MÁQUINA DE GUERRA, CIÊNCIA MENOR, NÔMADE
(...) Um corpo não se reduz a um organismo, assim como o espírito de corpo
tampouco se reduz à alma de um organismo. O espírito não é melhor, mas
ele é volátil, enquanto a alma é gravífica, centro de gravidade. Seria preciso
invocar uma origem militar do corpo e do espírito de corpo? Não é o
"militar" que conta, mas antes uma origem nômade longínqua. Ibn Khaldoun
definia a máquina de guerra nômade por: as famílias ou linhagens, mais o
espírito de corpo. A máquina de guerra entretém com as famílias uma
relação muito diferente daquela do Estado. Nela, em vez de ser célula de
base, a família é um vetor de bando, de modo que uma genealogia passa de
uma família a outra, segundo a capacidade de tal família, em tal momento,
em realizar o máximo de "solidariedade agnática". A celebridade pública da
família não determina o lugar que ocupa num organismo de Estado; ao
contrário, é a potência ou virtude secreta de solidariedade, e a movência
correspondente das genealogias, que determinam a celebridade num corpo
de guerra.
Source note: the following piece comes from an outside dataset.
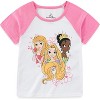 Disney Princess Girls Short Sleeve T-Shirt and French Terry Shorts Set for Toddler and Big Kids - 3 of 4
Há aí algo que não se reduz nem ao monopólio de um poder
orgânico nem a uma representação local, mas que remete à potência de um
corpo turbilhonar num espaço nômade. Certamente é difícil considerar os
grandes corpos de um Estado moderno como tribos árabes. O que queremos
dizer, na verdade, é que os corpos coletivos sempre têm franjas ou minorias
que reconstituem equivalentes de máquina de guerra, sob formas por vezes
muito inesperadas, em agenciamentos determinados tais como construir
pontes, construir catedrais, ou então emitir juízos, ou compor música,
instaurar uma ciência, uma técnica... Um corpo de capitães faz valer suas
exigências através da organização dos oficiais e do organismo dos oficiais
superiores. Sempre sobrevêm períodos em que o Estado enquanto organismo
se vê em apuros com seus próprios corpos, e em que esses, mesmo
reivindicando privilégios, são forçados, contra sua vontade, a abrir-se para
algo que os transborda, um curto instante revolucionário, um impulso
experimentador. Situação confusa onde cada vez é preciso analisar
tendências e pólos, naturezas de movimentos. De repente, é como se o corpo
dos notários avançasse de árabe ou de índio, e depois se retomasse, se
reorganizasse: uma ópera cômica, da qual não se sabe o que vai resultar
(acontece até de gritarem: "A polícia conosco!").